> [Work order]: Each line below with the string "Gray" should be copied.

> [Given data]:
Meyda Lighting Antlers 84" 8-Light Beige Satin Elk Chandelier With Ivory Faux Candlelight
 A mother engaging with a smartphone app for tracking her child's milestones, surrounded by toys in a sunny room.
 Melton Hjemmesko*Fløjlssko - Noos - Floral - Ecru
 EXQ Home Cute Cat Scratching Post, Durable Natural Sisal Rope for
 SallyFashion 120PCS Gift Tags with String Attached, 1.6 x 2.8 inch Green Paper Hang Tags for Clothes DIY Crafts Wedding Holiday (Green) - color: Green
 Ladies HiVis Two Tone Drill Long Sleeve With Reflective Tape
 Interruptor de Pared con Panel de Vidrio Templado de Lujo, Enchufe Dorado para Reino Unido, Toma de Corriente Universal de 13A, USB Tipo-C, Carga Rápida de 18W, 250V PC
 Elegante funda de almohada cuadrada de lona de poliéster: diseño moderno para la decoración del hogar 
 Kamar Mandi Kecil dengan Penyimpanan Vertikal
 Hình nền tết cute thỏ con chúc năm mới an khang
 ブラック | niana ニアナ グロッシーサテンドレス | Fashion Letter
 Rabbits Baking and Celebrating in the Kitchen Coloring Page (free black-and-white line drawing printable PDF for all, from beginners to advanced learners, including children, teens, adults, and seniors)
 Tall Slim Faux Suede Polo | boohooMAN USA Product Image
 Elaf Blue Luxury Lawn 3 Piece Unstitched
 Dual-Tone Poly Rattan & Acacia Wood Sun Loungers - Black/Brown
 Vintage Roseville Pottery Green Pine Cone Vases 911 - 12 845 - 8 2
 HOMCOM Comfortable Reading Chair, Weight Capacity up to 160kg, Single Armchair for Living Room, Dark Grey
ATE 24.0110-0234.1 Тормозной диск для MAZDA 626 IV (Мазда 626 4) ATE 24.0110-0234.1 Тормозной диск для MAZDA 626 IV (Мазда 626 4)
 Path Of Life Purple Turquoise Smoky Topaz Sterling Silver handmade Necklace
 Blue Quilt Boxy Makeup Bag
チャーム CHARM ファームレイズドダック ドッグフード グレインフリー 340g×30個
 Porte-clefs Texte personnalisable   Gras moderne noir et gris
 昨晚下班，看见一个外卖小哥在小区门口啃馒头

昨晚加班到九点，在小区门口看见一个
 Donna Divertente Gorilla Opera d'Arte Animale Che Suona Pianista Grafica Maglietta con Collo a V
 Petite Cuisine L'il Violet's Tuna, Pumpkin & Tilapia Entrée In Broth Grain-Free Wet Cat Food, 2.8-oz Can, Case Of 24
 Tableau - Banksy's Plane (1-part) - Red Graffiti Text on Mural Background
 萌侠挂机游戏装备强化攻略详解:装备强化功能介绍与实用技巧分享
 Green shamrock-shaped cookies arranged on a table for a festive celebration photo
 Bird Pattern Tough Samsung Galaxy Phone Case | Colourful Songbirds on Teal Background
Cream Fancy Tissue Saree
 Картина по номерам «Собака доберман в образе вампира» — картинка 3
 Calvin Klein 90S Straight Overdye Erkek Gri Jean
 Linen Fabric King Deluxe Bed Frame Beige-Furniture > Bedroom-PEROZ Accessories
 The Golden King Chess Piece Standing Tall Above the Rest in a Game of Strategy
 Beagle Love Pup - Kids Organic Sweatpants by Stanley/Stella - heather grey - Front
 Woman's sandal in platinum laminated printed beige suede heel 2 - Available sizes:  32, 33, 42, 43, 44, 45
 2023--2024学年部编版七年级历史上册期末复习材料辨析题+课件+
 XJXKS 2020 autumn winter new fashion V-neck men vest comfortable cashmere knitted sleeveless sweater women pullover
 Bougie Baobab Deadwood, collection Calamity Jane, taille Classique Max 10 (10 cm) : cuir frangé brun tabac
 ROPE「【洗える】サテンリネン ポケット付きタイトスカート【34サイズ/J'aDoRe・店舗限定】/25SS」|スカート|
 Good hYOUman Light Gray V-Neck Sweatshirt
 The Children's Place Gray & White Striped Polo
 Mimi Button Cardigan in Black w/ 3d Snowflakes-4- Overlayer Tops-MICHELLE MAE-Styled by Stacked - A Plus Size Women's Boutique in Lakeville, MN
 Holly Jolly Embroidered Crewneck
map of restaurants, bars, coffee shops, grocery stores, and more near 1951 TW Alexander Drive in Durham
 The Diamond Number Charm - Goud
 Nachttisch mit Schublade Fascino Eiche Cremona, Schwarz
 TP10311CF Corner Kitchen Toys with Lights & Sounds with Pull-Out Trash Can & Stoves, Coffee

> [Reply]:
 Good hYOUman Light Gray V-Neck Sweatshirt
 The Children's Place Gray & White Striped Polo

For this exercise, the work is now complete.